------ Working data ------
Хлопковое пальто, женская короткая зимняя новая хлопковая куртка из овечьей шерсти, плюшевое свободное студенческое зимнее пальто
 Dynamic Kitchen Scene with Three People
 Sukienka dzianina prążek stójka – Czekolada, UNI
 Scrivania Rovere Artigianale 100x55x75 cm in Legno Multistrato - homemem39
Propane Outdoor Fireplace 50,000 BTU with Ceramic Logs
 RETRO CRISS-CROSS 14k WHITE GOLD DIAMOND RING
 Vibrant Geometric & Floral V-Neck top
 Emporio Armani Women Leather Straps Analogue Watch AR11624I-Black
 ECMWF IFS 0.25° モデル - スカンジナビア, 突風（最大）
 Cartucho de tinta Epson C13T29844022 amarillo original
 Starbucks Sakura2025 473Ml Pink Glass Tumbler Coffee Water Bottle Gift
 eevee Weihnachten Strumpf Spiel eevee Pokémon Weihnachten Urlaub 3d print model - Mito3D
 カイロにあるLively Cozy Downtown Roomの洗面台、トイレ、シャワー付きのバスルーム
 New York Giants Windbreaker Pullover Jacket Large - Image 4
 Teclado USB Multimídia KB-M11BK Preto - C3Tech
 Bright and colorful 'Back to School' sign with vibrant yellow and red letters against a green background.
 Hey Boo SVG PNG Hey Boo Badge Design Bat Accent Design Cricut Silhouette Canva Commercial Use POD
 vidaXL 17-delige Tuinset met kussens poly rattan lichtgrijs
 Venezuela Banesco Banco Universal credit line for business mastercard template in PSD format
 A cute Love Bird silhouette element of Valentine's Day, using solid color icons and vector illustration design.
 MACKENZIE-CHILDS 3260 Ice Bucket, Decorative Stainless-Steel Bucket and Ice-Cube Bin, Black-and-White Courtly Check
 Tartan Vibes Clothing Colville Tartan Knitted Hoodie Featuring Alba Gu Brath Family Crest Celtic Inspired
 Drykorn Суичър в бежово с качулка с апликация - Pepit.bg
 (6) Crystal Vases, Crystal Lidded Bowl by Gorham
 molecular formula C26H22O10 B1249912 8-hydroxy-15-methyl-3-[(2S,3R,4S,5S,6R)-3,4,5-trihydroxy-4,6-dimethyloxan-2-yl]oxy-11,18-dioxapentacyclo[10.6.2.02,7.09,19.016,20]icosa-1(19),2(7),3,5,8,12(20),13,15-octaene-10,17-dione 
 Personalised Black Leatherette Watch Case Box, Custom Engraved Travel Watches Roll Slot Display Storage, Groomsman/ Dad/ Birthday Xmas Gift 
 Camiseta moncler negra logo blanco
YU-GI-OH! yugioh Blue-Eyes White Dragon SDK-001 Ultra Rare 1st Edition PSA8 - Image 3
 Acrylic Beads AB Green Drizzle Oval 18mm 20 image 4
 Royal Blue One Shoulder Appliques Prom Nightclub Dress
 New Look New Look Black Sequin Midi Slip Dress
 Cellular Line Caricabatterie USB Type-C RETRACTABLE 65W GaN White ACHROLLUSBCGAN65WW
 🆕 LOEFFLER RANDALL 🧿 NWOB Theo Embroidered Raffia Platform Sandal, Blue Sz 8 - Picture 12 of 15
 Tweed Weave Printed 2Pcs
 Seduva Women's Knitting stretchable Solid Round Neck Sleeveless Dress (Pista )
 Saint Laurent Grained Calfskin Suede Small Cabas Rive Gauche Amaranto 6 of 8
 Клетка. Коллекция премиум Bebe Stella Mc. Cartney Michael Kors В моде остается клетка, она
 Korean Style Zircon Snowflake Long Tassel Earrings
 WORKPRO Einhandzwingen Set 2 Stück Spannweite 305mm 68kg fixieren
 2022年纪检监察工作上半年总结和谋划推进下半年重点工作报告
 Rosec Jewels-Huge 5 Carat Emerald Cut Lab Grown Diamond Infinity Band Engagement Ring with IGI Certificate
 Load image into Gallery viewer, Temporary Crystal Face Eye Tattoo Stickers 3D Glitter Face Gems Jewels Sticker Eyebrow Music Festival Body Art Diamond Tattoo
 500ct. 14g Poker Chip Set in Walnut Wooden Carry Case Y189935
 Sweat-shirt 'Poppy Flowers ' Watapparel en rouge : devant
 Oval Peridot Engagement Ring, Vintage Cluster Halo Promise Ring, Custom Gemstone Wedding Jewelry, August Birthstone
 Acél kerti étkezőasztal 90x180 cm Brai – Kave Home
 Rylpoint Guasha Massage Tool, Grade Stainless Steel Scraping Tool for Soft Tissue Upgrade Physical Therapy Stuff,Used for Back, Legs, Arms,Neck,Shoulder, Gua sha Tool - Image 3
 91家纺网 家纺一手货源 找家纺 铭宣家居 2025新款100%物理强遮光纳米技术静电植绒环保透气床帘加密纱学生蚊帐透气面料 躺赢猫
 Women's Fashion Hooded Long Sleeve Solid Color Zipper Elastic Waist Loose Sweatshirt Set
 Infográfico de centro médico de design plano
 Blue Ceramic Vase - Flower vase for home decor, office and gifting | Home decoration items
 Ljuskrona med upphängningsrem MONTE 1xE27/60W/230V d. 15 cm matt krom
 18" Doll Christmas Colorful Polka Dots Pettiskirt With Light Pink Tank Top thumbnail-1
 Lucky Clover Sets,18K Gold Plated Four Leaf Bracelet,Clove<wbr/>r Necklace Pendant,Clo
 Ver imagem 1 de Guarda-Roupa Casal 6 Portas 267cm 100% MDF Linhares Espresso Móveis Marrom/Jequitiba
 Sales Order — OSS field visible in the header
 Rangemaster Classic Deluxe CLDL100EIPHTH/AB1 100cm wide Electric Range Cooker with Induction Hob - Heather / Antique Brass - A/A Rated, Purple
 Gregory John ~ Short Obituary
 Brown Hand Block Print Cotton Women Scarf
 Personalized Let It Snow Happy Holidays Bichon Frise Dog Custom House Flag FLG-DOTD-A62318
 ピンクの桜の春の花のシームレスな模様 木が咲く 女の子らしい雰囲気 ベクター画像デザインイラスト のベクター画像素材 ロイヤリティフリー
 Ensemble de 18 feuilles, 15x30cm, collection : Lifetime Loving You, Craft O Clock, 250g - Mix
------
_What the task asks_: Produce a word-for-word copy of everything above from the line holding "Vibrant Geometric & Floral V-Neck top" down to the line holding "(6) Crystal Vases, Crystal", with both of those lines kept.

_Exercise response_:
 Vibrant Geometric & Floral V-Neck top
 Emporio Armani Women Leather Straps Analogue Watch AR11624I-Black
 ECMWF IFS 0.25° モデル - スカンジナビア, 突風（最大）
 Cartucho de tinta Epson C13T29844022 amarillo original
 Starbucks Sakura2025 473Ml Pink Glass Tumbler Coffee Water Bottle Gift
 eevee Weihnachten Strumpf Spiel eevee Pokémon Weihnachten Urlaub 3d print model - Mito3D
 カイロにあるLively Cozy Downtown Roomの洗面台、トイレ、シャワー付きのバスルーム
 New York Giants Windbreaker Pullover Jacket Large - Image 4
 Teclado USB Multimídia KB-M11BK Preto - C3Tech
 Bright and colorful 'Back to School' sign with vibrant yellow and red letters against a green background.
 Hey Boo SVG PNG Hey Boo Badge Design Bat Accent Design Cricut Silhouette Canva Commercial Use POD
 vidaXL 17-delige Tuinset met kussens poly rattan lichtgrijs
 Venezuela Banesco Banco Universal credit line for business mastercard template in PSD format
 A cute Love Bird silhouette element of Valentine's Day, using solid color icons and vector illustration design.
 MACKENZIE-CHILDS 3260 Ice Bucket, Decorative Stainless-Steel Bucket and Ice-Cube Bin, Black-and-White Courtly Check
 Tartan Vibes Clothing Colville Tartan Knitted Hoodie Featuring Alba Gu Brath Family Crest Celtic Inspired
 Drykorn Суичър в бежово с качулка с апликация - Pepit.bg
 (6) Crystal Vases, Crystal Lidded Bowl by Gorham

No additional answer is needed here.